==== The records

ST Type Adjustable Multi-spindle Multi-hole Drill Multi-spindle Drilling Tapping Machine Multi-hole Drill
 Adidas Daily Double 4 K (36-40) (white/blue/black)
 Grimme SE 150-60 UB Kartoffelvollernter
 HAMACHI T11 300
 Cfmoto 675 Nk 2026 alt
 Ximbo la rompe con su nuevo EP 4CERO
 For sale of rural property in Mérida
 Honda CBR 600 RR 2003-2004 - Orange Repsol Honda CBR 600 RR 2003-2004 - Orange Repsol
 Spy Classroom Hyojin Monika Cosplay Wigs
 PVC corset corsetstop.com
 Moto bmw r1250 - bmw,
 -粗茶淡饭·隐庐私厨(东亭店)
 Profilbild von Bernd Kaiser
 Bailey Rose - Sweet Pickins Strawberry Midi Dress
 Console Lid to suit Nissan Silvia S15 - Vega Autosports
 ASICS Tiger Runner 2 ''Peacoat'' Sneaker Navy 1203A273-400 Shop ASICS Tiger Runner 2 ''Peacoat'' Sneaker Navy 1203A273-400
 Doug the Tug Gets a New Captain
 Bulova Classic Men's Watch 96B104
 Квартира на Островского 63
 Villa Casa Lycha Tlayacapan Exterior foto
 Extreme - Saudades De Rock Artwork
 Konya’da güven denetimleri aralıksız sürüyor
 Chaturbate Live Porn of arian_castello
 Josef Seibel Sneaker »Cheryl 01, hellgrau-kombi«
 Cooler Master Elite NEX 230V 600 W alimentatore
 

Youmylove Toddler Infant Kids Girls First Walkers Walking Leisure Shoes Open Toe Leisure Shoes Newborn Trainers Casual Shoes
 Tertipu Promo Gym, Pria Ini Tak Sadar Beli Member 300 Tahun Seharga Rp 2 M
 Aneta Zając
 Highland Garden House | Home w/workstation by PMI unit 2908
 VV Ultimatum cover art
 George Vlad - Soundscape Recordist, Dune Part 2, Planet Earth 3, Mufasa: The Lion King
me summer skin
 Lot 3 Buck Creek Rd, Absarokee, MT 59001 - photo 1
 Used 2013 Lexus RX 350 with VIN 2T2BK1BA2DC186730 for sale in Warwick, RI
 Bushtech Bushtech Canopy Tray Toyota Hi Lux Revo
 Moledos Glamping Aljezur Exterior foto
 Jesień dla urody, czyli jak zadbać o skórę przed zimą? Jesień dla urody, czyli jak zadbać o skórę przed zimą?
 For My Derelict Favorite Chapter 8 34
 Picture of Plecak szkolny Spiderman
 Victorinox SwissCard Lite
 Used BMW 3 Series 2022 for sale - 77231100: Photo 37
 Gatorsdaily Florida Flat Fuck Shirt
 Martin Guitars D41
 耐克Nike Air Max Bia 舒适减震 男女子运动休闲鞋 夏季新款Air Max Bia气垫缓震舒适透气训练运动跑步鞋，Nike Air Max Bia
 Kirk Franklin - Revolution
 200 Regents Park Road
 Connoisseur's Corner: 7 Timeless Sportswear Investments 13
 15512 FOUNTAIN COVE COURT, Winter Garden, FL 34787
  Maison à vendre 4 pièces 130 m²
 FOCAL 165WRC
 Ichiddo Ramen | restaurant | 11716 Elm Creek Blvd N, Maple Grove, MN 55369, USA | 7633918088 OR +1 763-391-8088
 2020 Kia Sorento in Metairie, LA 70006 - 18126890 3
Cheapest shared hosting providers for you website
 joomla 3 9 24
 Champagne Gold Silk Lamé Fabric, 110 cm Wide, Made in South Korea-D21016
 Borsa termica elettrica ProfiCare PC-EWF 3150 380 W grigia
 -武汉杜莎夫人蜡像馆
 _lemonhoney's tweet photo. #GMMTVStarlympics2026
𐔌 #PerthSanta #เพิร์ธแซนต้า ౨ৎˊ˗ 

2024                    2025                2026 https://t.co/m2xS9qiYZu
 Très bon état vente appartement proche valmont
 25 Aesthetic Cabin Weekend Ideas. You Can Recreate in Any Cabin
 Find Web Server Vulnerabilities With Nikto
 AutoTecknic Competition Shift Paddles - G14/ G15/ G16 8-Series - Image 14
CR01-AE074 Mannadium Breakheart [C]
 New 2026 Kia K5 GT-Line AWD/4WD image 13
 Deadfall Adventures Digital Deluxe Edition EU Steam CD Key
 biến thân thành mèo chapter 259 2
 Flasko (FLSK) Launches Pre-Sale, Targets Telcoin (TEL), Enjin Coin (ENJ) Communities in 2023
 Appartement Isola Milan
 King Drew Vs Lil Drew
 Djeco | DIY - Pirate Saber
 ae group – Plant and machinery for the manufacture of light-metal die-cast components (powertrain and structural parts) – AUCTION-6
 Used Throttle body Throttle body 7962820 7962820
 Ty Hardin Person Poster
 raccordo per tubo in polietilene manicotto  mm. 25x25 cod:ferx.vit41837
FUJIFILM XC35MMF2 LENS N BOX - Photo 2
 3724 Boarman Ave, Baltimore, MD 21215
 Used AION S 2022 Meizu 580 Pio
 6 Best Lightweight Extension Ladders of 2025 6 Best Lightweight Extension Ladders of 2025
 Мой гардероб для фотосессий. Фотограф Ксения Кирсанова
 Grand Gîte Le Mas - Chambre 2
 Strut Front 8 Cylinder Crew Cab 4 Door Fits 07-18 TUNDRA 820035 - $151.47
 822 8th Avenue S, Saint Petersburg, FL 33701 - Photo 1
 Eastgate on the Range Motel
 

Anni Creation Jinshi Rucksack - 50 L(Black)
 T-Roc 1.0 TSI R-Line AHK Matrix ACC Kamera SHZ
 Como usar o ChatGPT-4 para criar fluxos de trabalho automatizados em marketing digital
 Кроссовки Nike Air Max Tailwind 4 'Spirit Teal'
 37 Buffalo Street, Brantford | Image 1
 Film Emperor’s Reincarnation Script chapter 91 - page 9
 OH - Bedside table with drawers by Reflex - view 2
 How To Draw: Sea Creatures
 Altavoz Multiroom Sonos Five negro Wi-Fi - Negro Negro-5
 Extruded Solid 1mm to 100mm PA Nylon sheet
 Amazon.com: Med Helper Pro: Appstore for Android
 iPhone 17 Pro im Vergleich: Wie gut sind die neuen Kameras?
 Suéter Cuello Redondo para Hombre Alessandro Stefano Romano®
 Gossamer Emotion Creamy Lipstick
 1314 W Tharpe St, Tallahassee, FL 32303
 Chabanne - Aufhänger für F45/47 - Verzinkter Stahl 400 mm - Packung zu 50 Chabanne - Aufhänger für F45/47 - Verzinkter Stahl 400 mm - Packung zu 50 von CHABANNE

========

Exercise details - Tally up the lines above containing "Series"; the number is the full answer.

Answer section - 2